*** MATERIAL FOR THIS TASK Section Begins ***

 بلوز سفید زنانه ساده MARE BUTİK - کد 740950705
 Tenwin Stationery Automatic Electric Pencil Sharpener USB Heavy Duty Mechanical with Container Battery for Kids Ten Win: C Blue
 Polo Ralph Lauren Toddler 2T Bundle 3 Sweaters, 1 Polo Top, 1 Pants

*** MATERIAL FOR THIS TASK Section Ends ***
*** MATERIAL FOR THIS TASK Section Begins ***

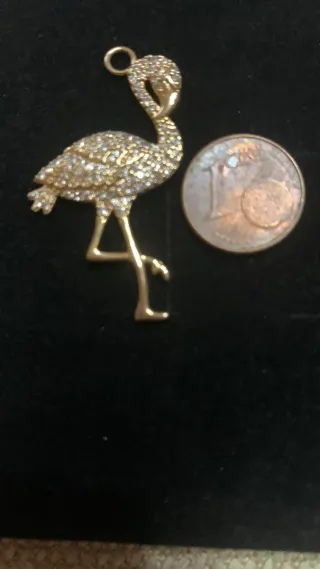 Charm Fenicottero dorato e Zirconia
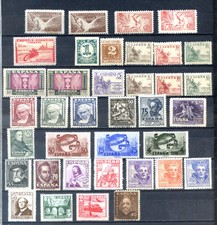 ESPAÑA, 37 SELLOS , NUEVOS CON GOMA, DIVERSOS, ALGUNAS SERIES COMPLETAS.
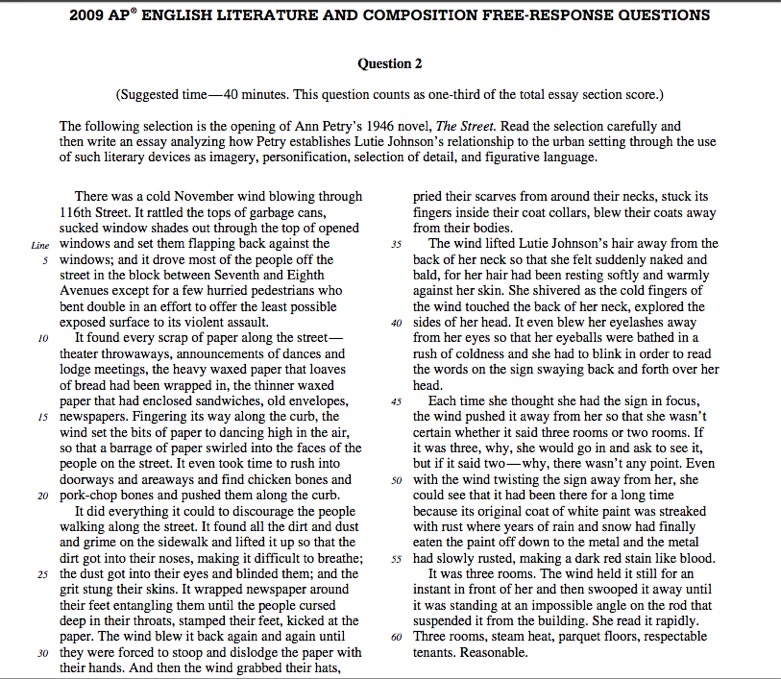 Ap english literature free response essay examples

*** MATERIAL FOR THIS TASK Section Ends ***

From the records above, copy exactly the lines starting at the one with "ESPAÑA, 37 SELLOS" and ending at the one with "Ap english literature", and no others. Pictures stay out.

 ESPAÑA, 37 SELLOS , NUEVOS CON GOMA, DIVERSOS, ALGUNAS SERIES COMPLETAS.
 Ap english literature free response essay examples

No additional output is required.